The key reason people buy life insurance is to ensure the well-being of the family after their death. But financial circumstances can change and keeping up with the premiums can be difficult as the belt is tightened.
Some people begin to think that the money does not provide an immediate return and could be better spent elsewhere.
But, if the family is financially dependent on someone, or they have debt, it is important to be financially protected through a life insurance policy. Much more important is paying the premiums on time so it does not lapse.
When there are serious doubts about something, reminding oneself why the investment was made in the first place is always beneficial.
It is a bad financial idea to cancel a life insurance policy. Why?
(1) No insurance protection
Once the policy is dropped so is the protection. The family will not receive any of the death benefits nor will medical coverage be given if the policy includes a medical rider.
All the premium payments made in the past count for nothing. And if the financial situation improves, the policy cannot be reinstated.
In other words, if the individual changes their mind later on, they cannot pick the policy back up where they left off.

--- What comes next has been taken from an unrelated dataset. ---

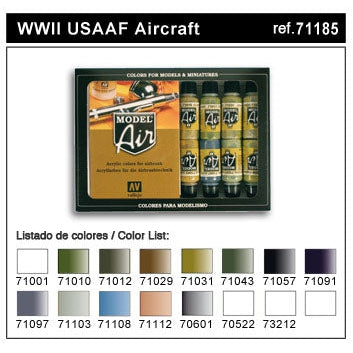 17ml Bottle WWII USAAF Model Air Paint Set (16 Colors) - Fusion Scale Hobbies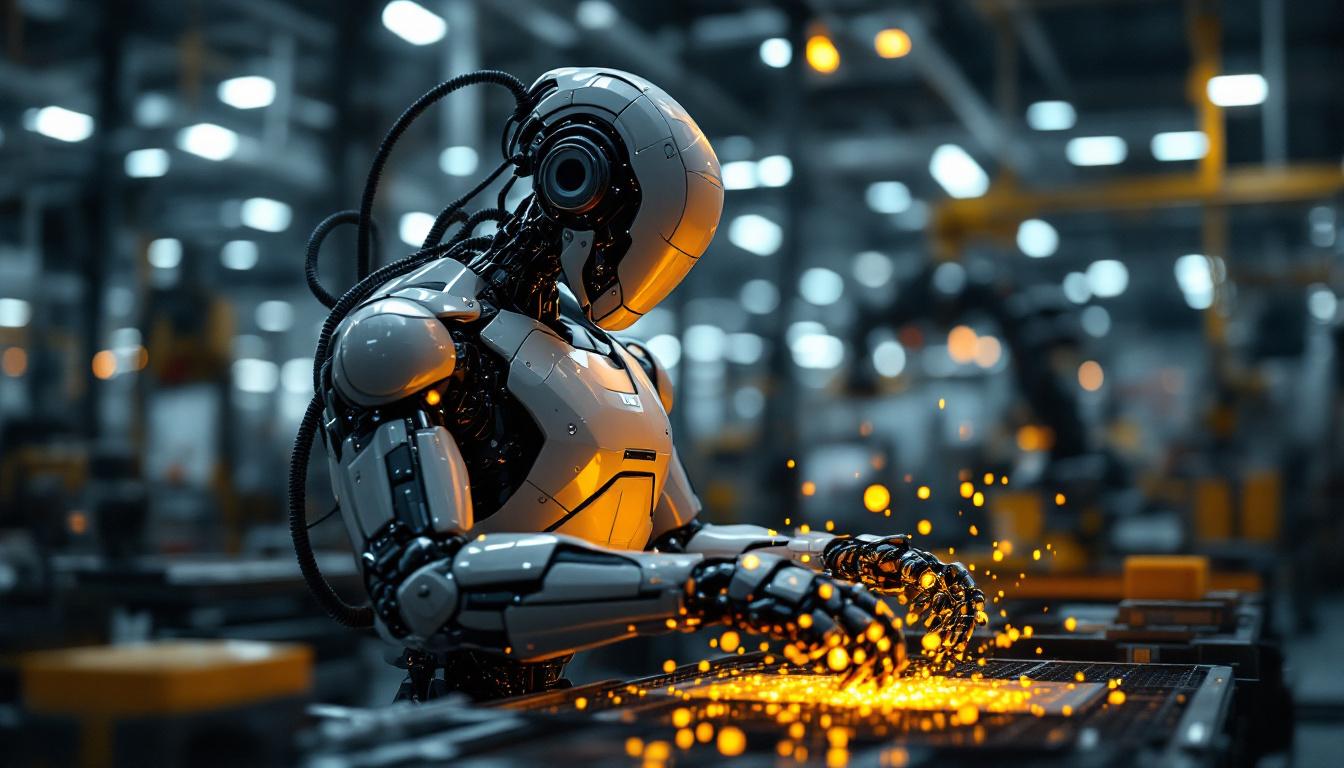 A photograph of a sleek industrial robot in action within a manufacturing environment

(2) Debts do not disappear after death
After someone dies, their estate will have to clear all debt and only then is the remaining funds distributed to the beneficiaries.
Debt includes (in order of priority):
- Funeral expenses.
- Executor expenses – an executor is an individual appointed to administer the estate of a deceased person.

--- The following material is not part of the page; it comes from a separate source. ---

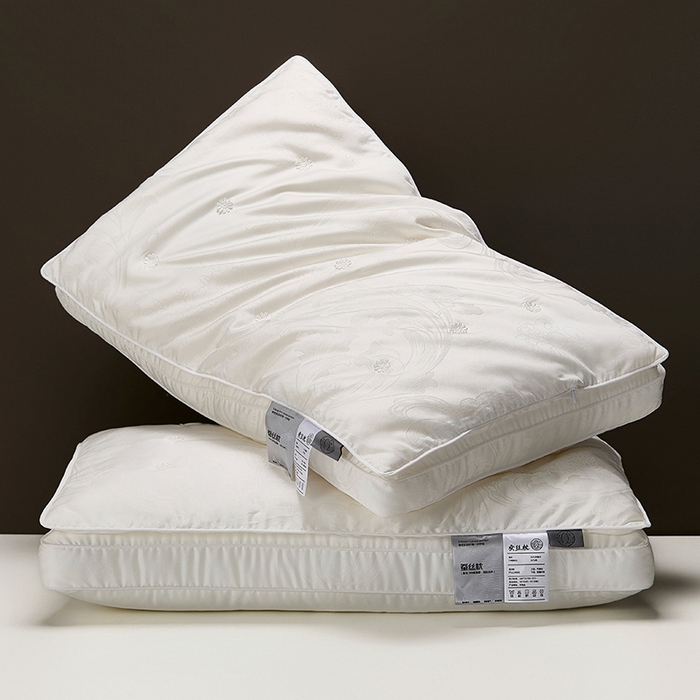 昕科 2026新款凤尾花蚕丝枕-花朵柞蚕丝枕芯大提花莱赛尔蚕丝枕头 凤尾花蚕丝枕-月光白/一只装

- Secured creditor – a creditor with a claim that is protected by specific assets, such as a bank or an outstanding house loan.

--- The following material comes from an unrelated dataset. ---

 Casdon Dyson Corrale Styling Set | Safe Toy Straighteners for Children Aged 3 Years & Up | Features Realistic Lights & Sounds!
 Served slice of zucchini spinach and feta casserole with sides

- Unsecured creditor – a creditor with a claim for which no specific assets are pledged, such as suppliers.
- The rest is distributed according to the Will.
So, the family is last on the list. With a valid life insurance policy, the death benefits can be used to pay off any debt, leaving the estate intact for the family.
(3) Premiums paid are not returned in full
Cancelling a term-life insurance policy means losing the premiums paid. But for whole-life or investment-linked policies, some cash surrender value may be returned.
There are two exceptions:
- Cancellation during the “free look period”: A policy has a cooling-off or free-look period, usually 10 to 30 days. If it is cancelled during this time, any premiums paid earlier will be returned.
- The policy includes a return of premium term or rider: On cancellation, 100% of the premiums paid will be returned, apart from the charge paid to add the rider. The repayment excludes administrative expenses. A rider cannot be included after signing the policy.
(4) Insurance will cost more later
Cancelling a policy and buying another one later at a lower premium with the same benefits is not going to happen.
Yes, a new one can be bought but at a much higher cost.
The younger a person is, the less expensive the insurance. And as the person grows older, health issues can crop up, which will push up premiums with additional loading, exclusions or, in a worst-case scenario, render the person uninsurable.
A change of occupation can also affect the premium. Moving from a desk job to sales, for example, would attract a higher premium as the risk is higher.
When a person is healthy, getting life insurance is easy but for those who are not, it can be difficult.
(5) Surrender charges can be high
By giving up whole-life and investment-linked coverage, one misses out on the cash value growth, apart from the surrendering charges, administration costs and tax. So, the person may get back very little.
The cash surrender value is computed based on the premiums paid, investment performance and surrender fees.
Surrender fees/charges can be high when cancelling in the first few years of the policy, especially for whole-life or endowment policies.
(6) Peace of mind
Death is a given. And while money will never replace a loved one, life insurance coverage will guarantee that the family’s short- and long-term needs are covered.
Life coverage guarantees that the family has enough to cover the immediate costs – medical bills, funeral expenses – and have something left for their future needs.
Investing in life insurance coverage is a smart financial move. Life insurance is one of the best ways to take care of the family’s future financial needs by minimising the risks.
If there are financial difficulties and it is a problem keeping up with the premiums, review the policy with the insurance provider or a qualified financial advisor before making any major decisions, such as cancellation.
There may be other options, such as getting cheaper term coverage, comparing providers for lower costs and adjusting the coverage to better meet both the needs and budget.